Los muertos también lloran

Señores jueces, los muertos también lloran. 

Cuando mi abuela me contó que los muertos lloraban recuerdo no haber entendido semejante inverosimilitud. Lloran a través nuestro, agregó la vieja. Hoy, cada vez tiene más sentido aquella frase. Creo, estimados magistrados, que la mayoría de ustedes desconocen esta capacidad insólita que tienen los fallecidos. Quizás no tuvieron la suerte de tener abuelas como la mía. No es por asustarlos, pero muchos de nuestros muertos lloran por su culpa, señores jueces. 

Nuestros muertos lloran a través de sus padres que pasan años, incluso décadas, observando a los homicidas de sus hijos vivir con impunidad la vida que a éstos les ha sido arrebatada. Lloran a través de todos esos novios, que intentan despertarse de la pesadilla en la que están sumergidos mirando el celular. Esperan un mensaje que saben que no recibirán jamás, porque no recibieron el “llegué” aquella noche. Lloran a través de las novias de los pibes a los que les pegaron un tiro por no poder bajarse del auto a tiempo. Lloran a través de esos familiares que perdieron un miembro en la liturgia de los jueves. Lloran a través de esos amigos que perdieron mucho más que un integrante del grupo de WhatsApp, que un jugador de fútbol cinco, o un soporte incondicional para salir de joda. Perdieron un compañero de vida. Lloran a través de esos hermanos y hermanas que perdieron al único confidente del sexo opuesto que tenían en el mundo. Lloran a través de esos clubes, que no perdieron un socio, no perdieron un defensor o un delantero, ni un base ni un pívot. Perdieron amigos entrañables.  Nuestros muertos sufren con cada una de las lágrimas que derraman los vivos al escuchar “lo volvería hacer”, “no me arrepiento de nada” o “de acá salgo en un par de años”. Lloran padres, novios, hermanos, primos, amigos y abuelos esperando que ustedes les den un consuelo tan insatisfactorio como es el de justicia. Y con todos ellos, señores jueces, lloran nuestros muertos. 

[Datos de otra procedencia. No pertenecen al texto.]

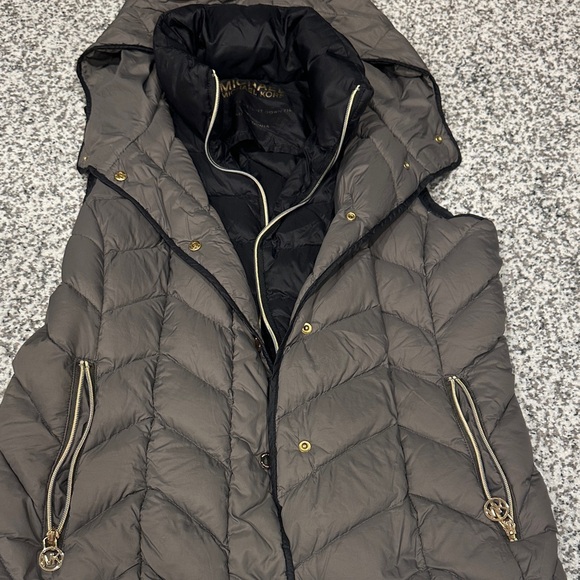 MICHAEL Michael Kors Jackets & Blazers - Micheal Kor Mushroom/black Quilted light wright vest with Gold Buttons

Nuestros muertos lloran a través de la nena que violaron a los seis años y no puede llorar porque el dolor es tan insondable que las lágrimas ya de nada sirven. Ustedes, magistrados, llaman a esa nena a declarar. La sientan en un estrado y la bombardean a preguntas. Se ponen del lado del tío, de treinta y cuatro años porque que es víctima del sistema. Así como se ponen del lado del borracho que manejó a 160 km por hora con 1.6 de alcohol en sangre y dejó paralítico a un pibe de veintitrés. Se cruzan a la vereda del ladrón, que para robar una billetera con doscientos pesos le pegó tres tiros a un verdulero, o arrastró veinte metros a una viejita que esforzadamente podía caminar con bastón. Están con los delincuentes que toman una cárcel y la prenden fuego, y no con las víctimas que tienen terror de tener a sus verdugos de vuelta en sus casas. 

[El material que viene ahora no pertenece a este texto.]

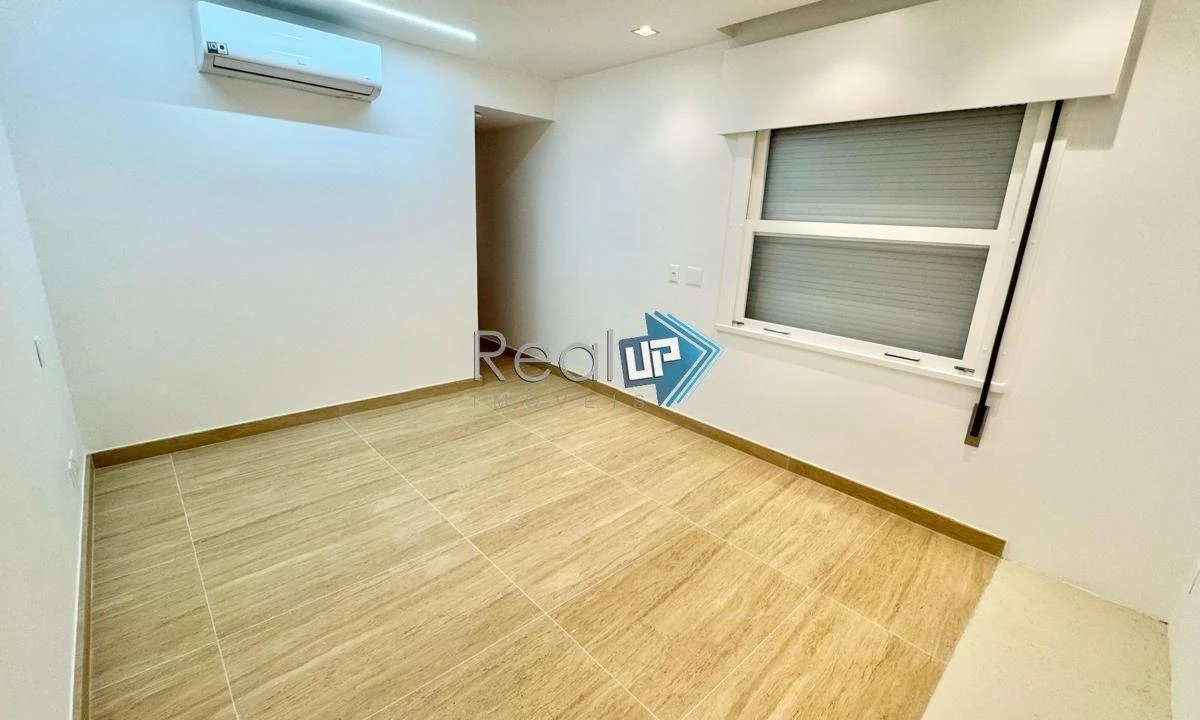 Квартира 212 м²: 3 спальни и 3 ванные комнаты — photo 2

Por suerte, a algunos afortunados les toca llorar menos, han tenido la insignificante suerte de la justicia. Sólo tienen este porvenir los que han luchado incansablemente. Son los que han luchado contra jueces, juzgados, abogados defensores, burocracia administrativa y empleados que consideraban su muerto “un caso más”. Lucharon en la primera instancia y tuvieron que volver a pelearla en la Cámara de Apelaciones. Dieron todo por muchos años y al final tuvieron la miserable recompensa. Pero duró poco y hoy vuelven a brotar sus miserias. Un hombre que había violado a una nena con retraso mental vuelve a su casa a cuarenta metros de la víctima. Otro abusador, que violó a su hijo de ocho años, pasó sólo un año en la cárcel y hoy camina tranquilo en libertad. Un asesino de dos prostitutas está en su casa tomando mates, mientras el que dejó ciega a una vieja de ochenta pasea por La Plata. Hoy, queridos jueces, gracias a ustedes nuestros muertos vuelven a llorar.